M. Bellemare, dont les allégations de trafic d'influence dans la nomination des juges défraient les manchettes depuis des mois, a déclaré que M. Alain a erré sur des éléments déterminants.

«On trouve ça inacceptable d'avoir à aller devant le DGE avant que la question du serment et de la politique de confidentialité ne soient tranchés, a-t-il dit. Ça ne nous apparaît pas être le bon moyen. On ne veut pas aller en Cour supérieure 10 fois. On veut y aller une fois.»

Alors que sa date de comparution a été fixée au 20 août, M. Bellemare s'est montré confiant de pouvoir obtenir une décision de la Cour d'appel en sa faveur avant cette date.

«On va demander que le jugement du juge Alain soit cassé, d'un bout à l'autre», a-t-il dit.

En avril dernier, M. Bellemare avait déposé une requête pour faire annuler une assignation à comparaître du DGE, qui souhaitait l'entendre à la suite de ses allégations publiques concernant la possibilité que des entreprises puissent financer le Parti libéral du Québec, ce qui contreviendrait à la loi électorale.
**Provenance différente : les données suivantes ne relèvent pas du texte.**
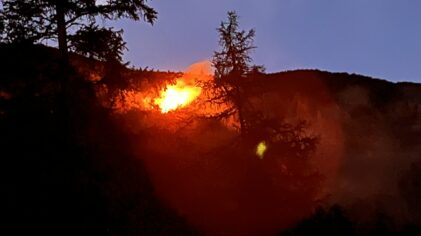 Brand Wald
Dans le document, M. Bellemare soutenait qu'il était lié par des serments de confidentialité l'empêchant de divulguer des informations dont il a pris connaissance dans le cadre de ses fonctions de ministre.

Par la suite, le DGE a fait savoir qu'il entendait faire casser cette requête en démontrant qu'il n'existait aucun lien entre les questions de financement politique et les fonctions ministérielles.

Jeudi, après avoir entendu les arguments de l'avocate représentant le DGE, Lucie Fiset, le juge Alain a estimé que M. Bellemare avait abusé des procédures judiciaires en tentant de faire annuler l'assignation à comparaître.

Au palais de justice de Québec, le magistrat a conclu qu'il était trop tôt pour déterminer si les questions des enquêteurs du DGE porteront sur des faits liés aux fonctions ministérielles de M. Bellemare, qui sont couvertes par ses engagements de confidentialité.

«Le subpoena est clair et il vise à obtenir des explications de M. Bellemare à la suite de ses déclarations publiques aux médias concernant le financement corporatif, a-t-il dit. Son recours est prématuré et les questions qui lui seront posées relèvent du domaine de l'hypothèse.»

M. Alain a par ailleurs adressé un blâme au DGE en affirmant qu'il aurait dû agir avec plus de célérité dans ce dossier, qui commandait un traitement urgent.

«Il s'agissait d'un recours abusif, a-t-il dit. On s'est servi du tribunal pour avoir des délais.»

Jeudi avant-midi, le magistrat a croisé le fer à plusieurs reprises avec l'avocat de M. Bellemare, Jean-François Bertrand.

Après avoir écouté M. Bertrand lui expliquer qu'il allait en appeler de sa décision, M. Alain a conclu l'audience en lui adressant un laconique: «Bonne chance».